I’ve encountered a Supervisor
behaviour I find surprising.
In a few words, a library I’m working on had an issue where the entire app would shut down after too many errors in a process. All the processes are in a supervision tree with multiple nested supervisors, strategy: :one_for_one
and restart: :permanent
.
I appreciate that it might be the sensible thing to do, but I’m having troubles finding documentation on this.
My specific problem was that I had forgotten to declare a handle_info
clause in a genserver. I’m using Redis pub-sub and I was testing what happens when the Redis server is terminated while the mix app is still running.
The library I’m using, redix_pub_sub
, requires a running genserver to maintain the connection with Redis, which will receive a :disconnect
message if something interrupts the connection. Since I wasn’t handling it, stopping Redis caused a stream of errors.
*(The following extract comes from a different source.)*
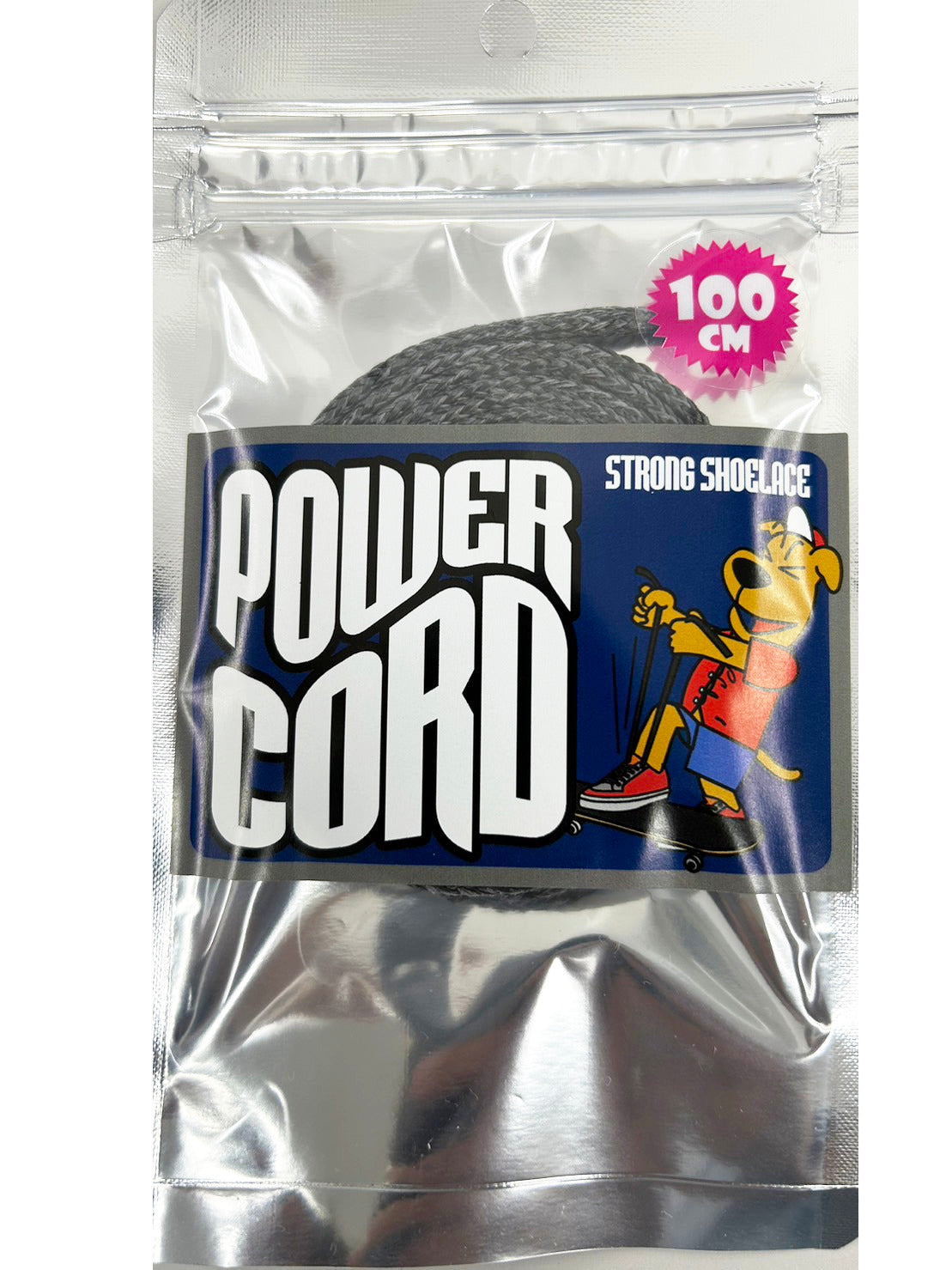 POWER CORD - 市販の靴紐の約16倍の強度を持つ、切れにくいスケボー用靴紐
The process would crash with a FunctionClauseError
for the missing handle_info
, then be restarted as expected, and then crash again for the same reason. I could verify that it would be restarted three times before a complete system failure.
After three restarts and errors, the application would give up and terminate with this message printed on the console:
[info] Application my_app_name exited: shutdown
This would affect that specific supervision tree only, and not the rest. If run inside iex -S mix
, for example, I could restart it with Application.ensure_started(:my_app_name)
.
Implementing the missing function clause solves the immediate problem, of course, but I am wondering if I can control the “shutdown everything” behaviour.
I can reproduce the issue by triggering other errors in quick sequence.
For example adding a 1 / 0
in function that I can trigger manually is “tolerated” and the supervisors do their job. Adding it in a callback that is invoked multiple times when a process starts, on the other hand, will take everything down.
As I said, this might be the most sensible thing to do, but I’d like to learn more.